_DATA EXTRACT_
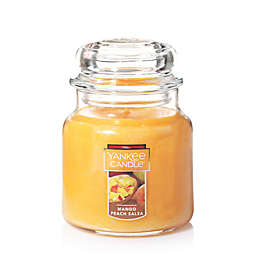 Yankee Candle® Housewarmer® Mango Peach Salsa Medium Classic Jar Candle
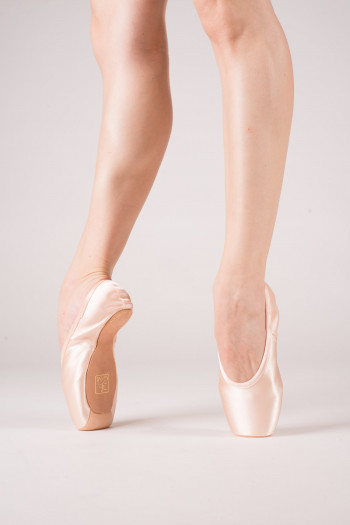 Pointes gaynor minden incassable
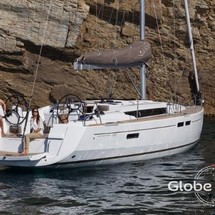 Jeanneau Sun Odyssey 479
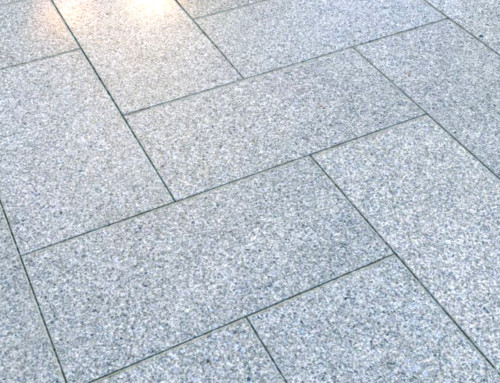 Płytki granitowe – podstawowe pojęcia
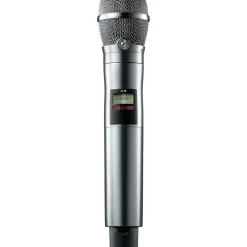 Shure KSM11 Wireless Microphone Capsule Nickel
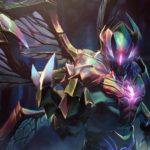 Unpredictable Meta Shifts in Dota 2: 7.37e Trends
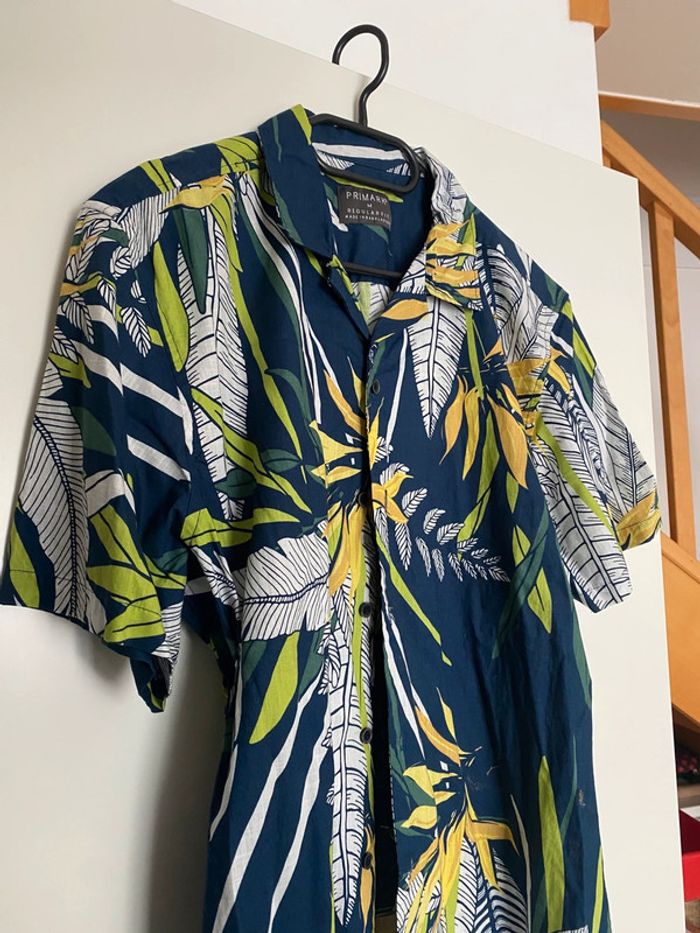 Chemise TM - photo numéro 2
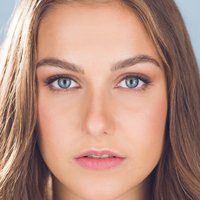 Josefine Christofferson Çıplak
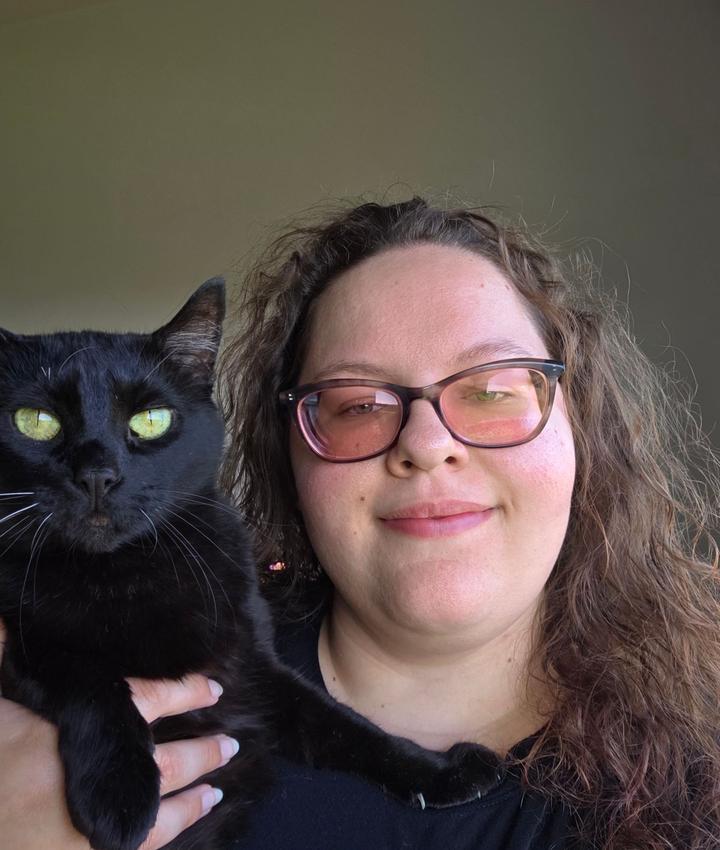Portrait of Emily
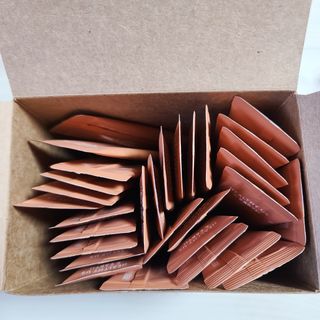 웰리카 다이어트 프로바이오틱스 — 5점을 준 리뷰어가 2021년 3월 올린 사용 사진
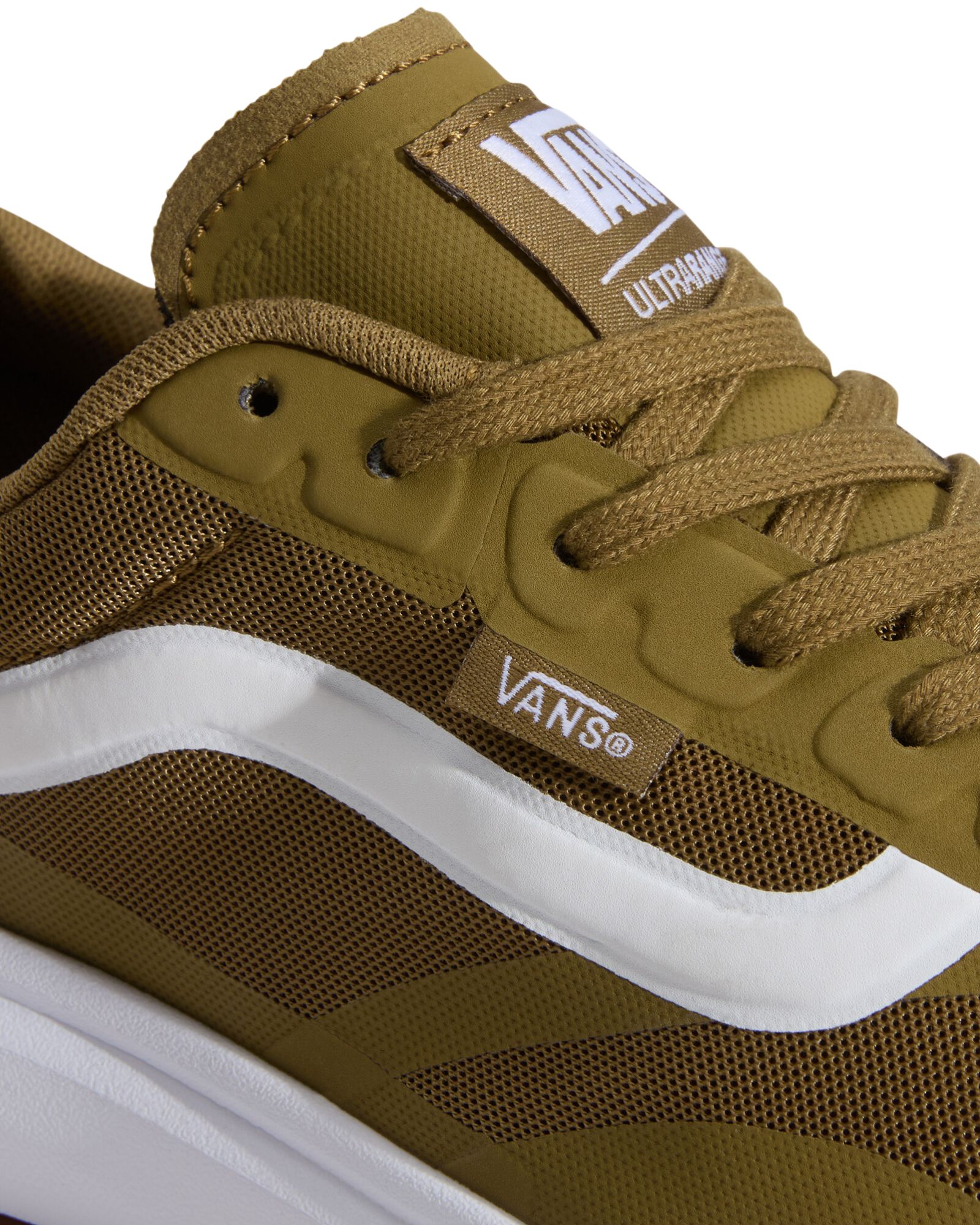 Vans Unisex UltraRange 2.0 Rapidweld Skate Shoes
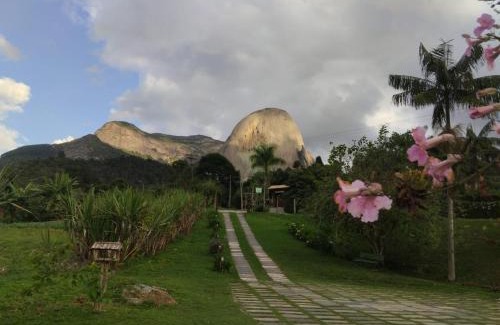Pedra Azul House | Spaço Terra hospedagem
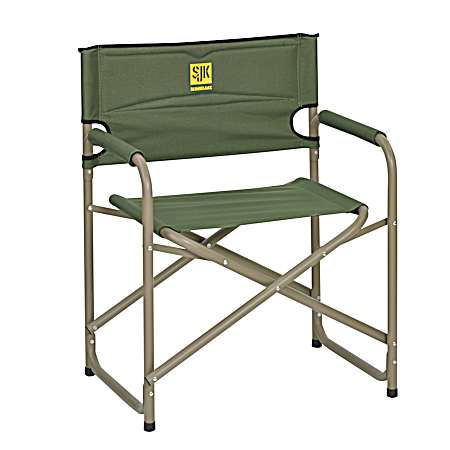 Big Steel Folding Chair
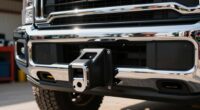 top heavy duty truck hitches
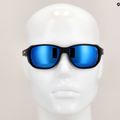Julbo Montebianco 2 Polarized 3Cf black/blue sunglasses 5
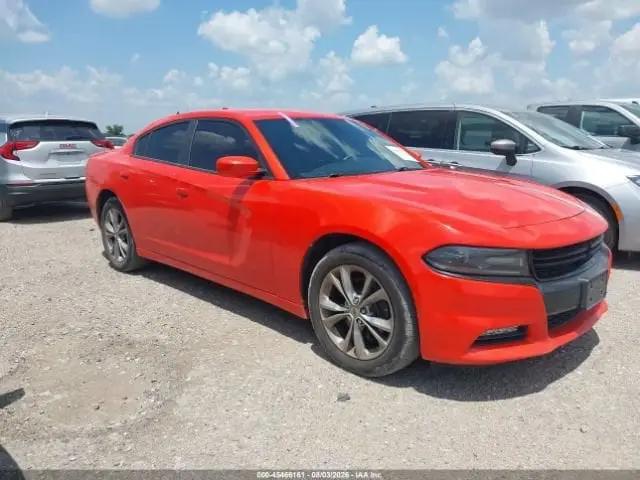 2020 Dodge Charger SXT AWD for sale in Richardson, TX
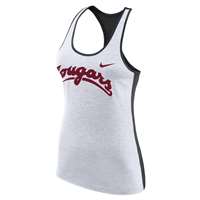 Nike Washington State Cougars Women's Dri-FIT Tank Top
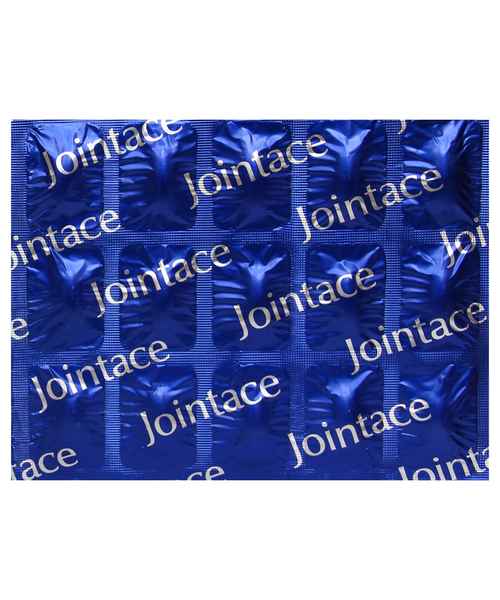 Jointace Tab Meyer Organics Pvt Ltd Buy Jointace Tab Online At Best Price In India Medplusmart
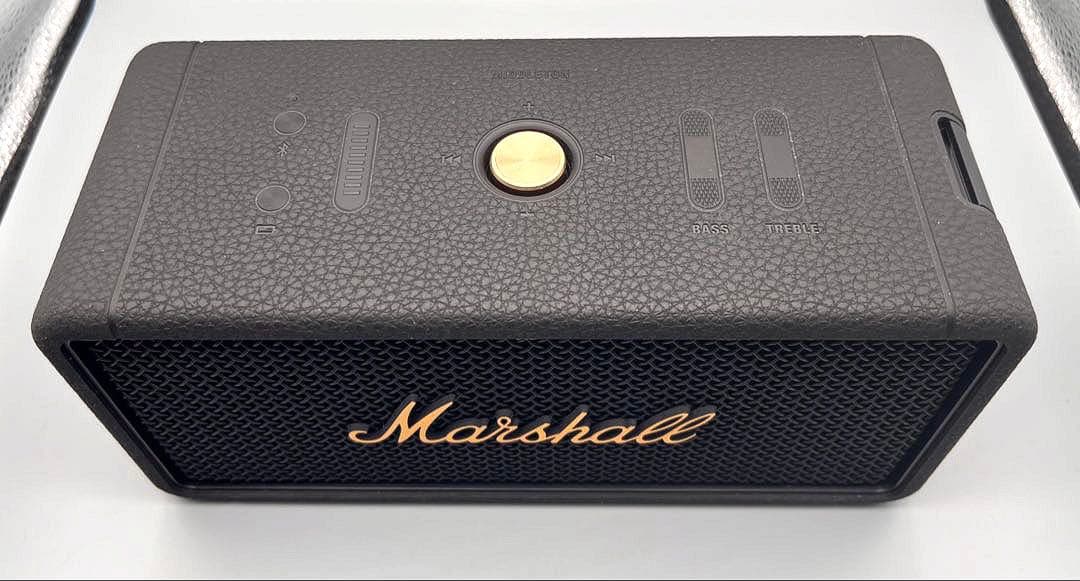 Marshall スピーカー Middleton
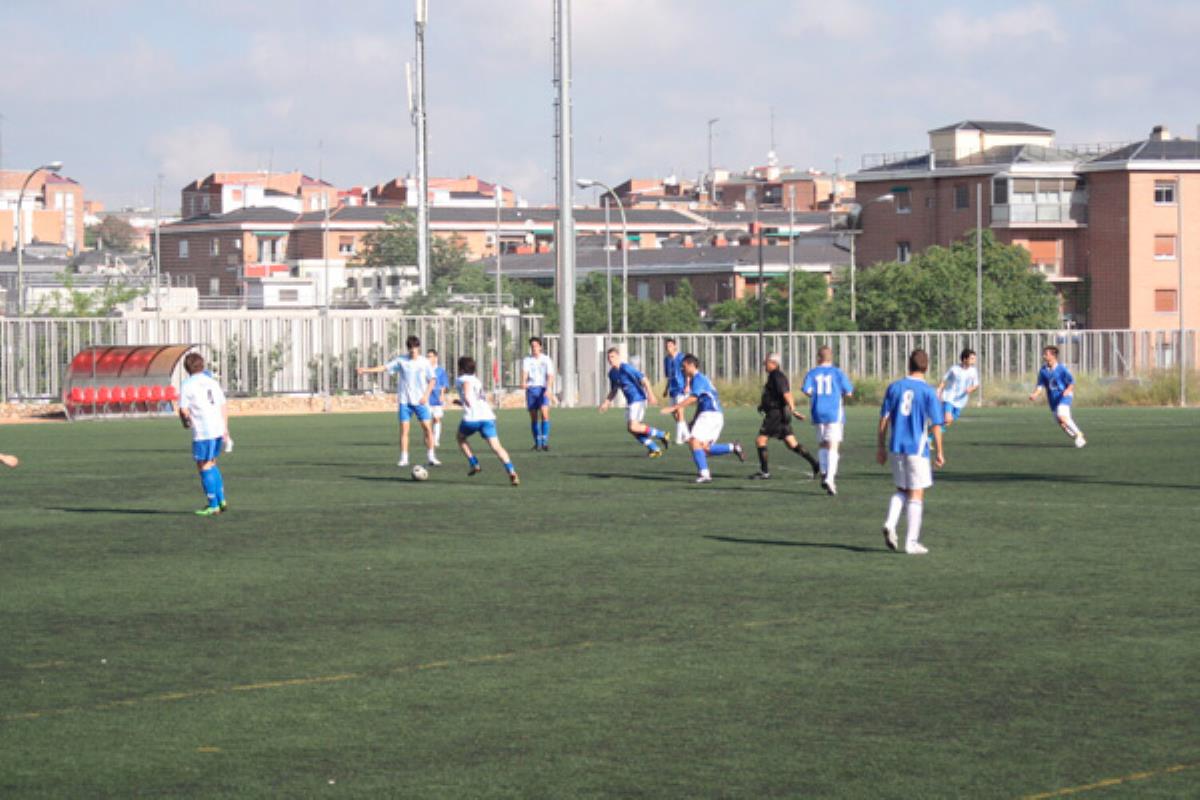 El consistorio madrileño está realizando una consulta ciudadana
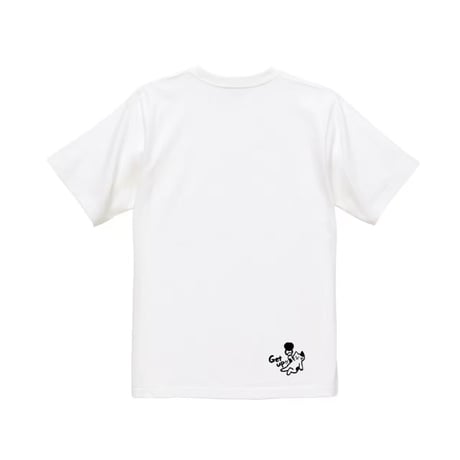 EW×Akane Niboshi/T-shirt /Tote Bag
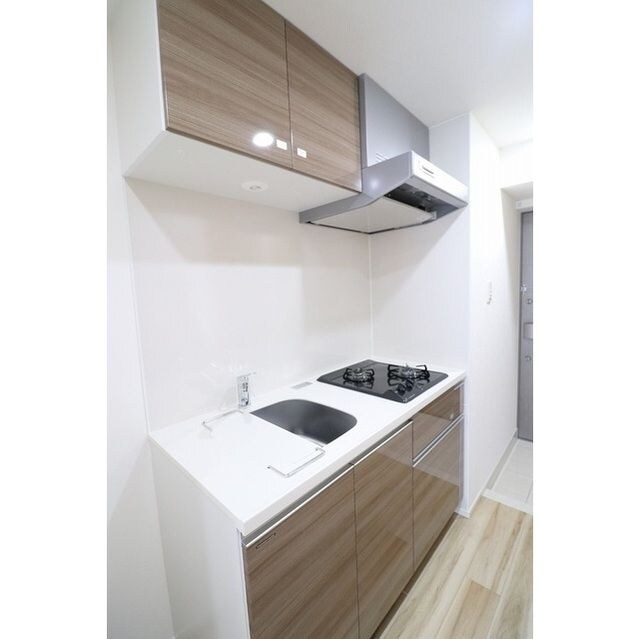 ＢＬＡＵ南池袋の物件内観写真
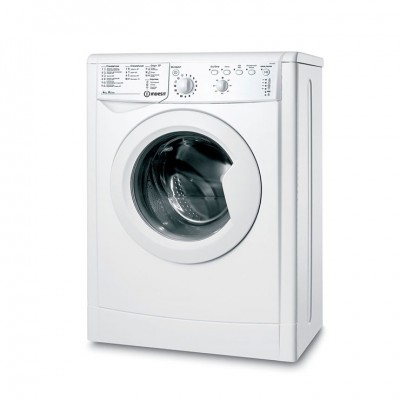 Стиральная машина Indesit IWUB 40851 BY Стиральная машина Indesit IWUB 40851 BY
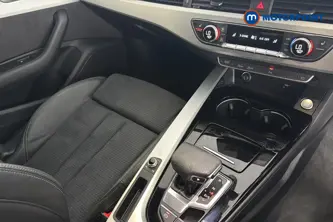 Audi A4 S Line Automatic Diesel Estate - Stock Number (1681955) - 15th supplementary image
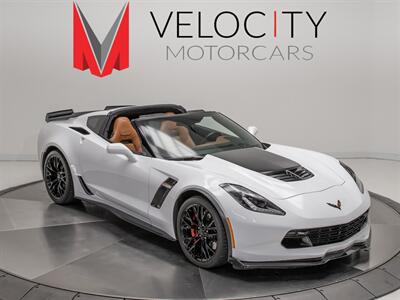 2016 Chevrolet Corvette Z06   - Photo 13 - Nashville, TN 37217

_TASK PROMPT_
Print all the entries exactly as they appear, without the pictures.

_FINAL ANSWER_
 Yankee Candle® Housewarmer® Mango Peach Salsa Medium Classic Jar Candle
 Pointes gaynor minden incassable
 Jeanneau Sun Odyssey 479
 Płytki granitowe – podstawowe pojęcia
 Shure KSM11 Wireless Microphone Capsule Nickel
 Unpredictable Meta Shifts in Dota 2: 7.37e Trends
 Chemise TM - photo numéro 2
 Josefine Christofferson Çıplak
Portrait of Emily
 웰리카 다이어트 프로바이오틱스 — 5점을 준 리뷰어가 2021년 3월 올린 사용 사진
 Vans Unisex UltraRange 2.0 Rapidweld Skate Shoes
Pedra Azul House | Spaço Terra hospedagem
 Big Steel Folding Chair
 top heavy duty truck hitches
Julbo Montebianco 2 Polarized 3Cf black/blue sunglasses 5
 2020 Dodge Charger SXT AWD for sale in Richardson, TX
 Nike Washington State Cougars Women's Dri-FIT Tank Top
 Jointace Tab Meyer Organics Pvt Ltd Buy Jointace Tab Online At Best Price In India Medplusmart
 Marshall スピーカー Middleton
 El consistorio madrileño está realizando una consulta ciudadana
 EW×Akane Niboshi/T-shirt /Tote Bag
 ＢＬＡＵ南池袋の物件内観写真
 Стиральная машина Indesit IWUB 40851 BY Стиральная машина Indesit IWUB 40851 BY
 Audi A4 S Line Automatic Diesel Estate - Stock Number (1681955) - 15th supplementary image
 2016 Chevrolet Corvette Z06   - Photo 13 - Nashville, TN 37217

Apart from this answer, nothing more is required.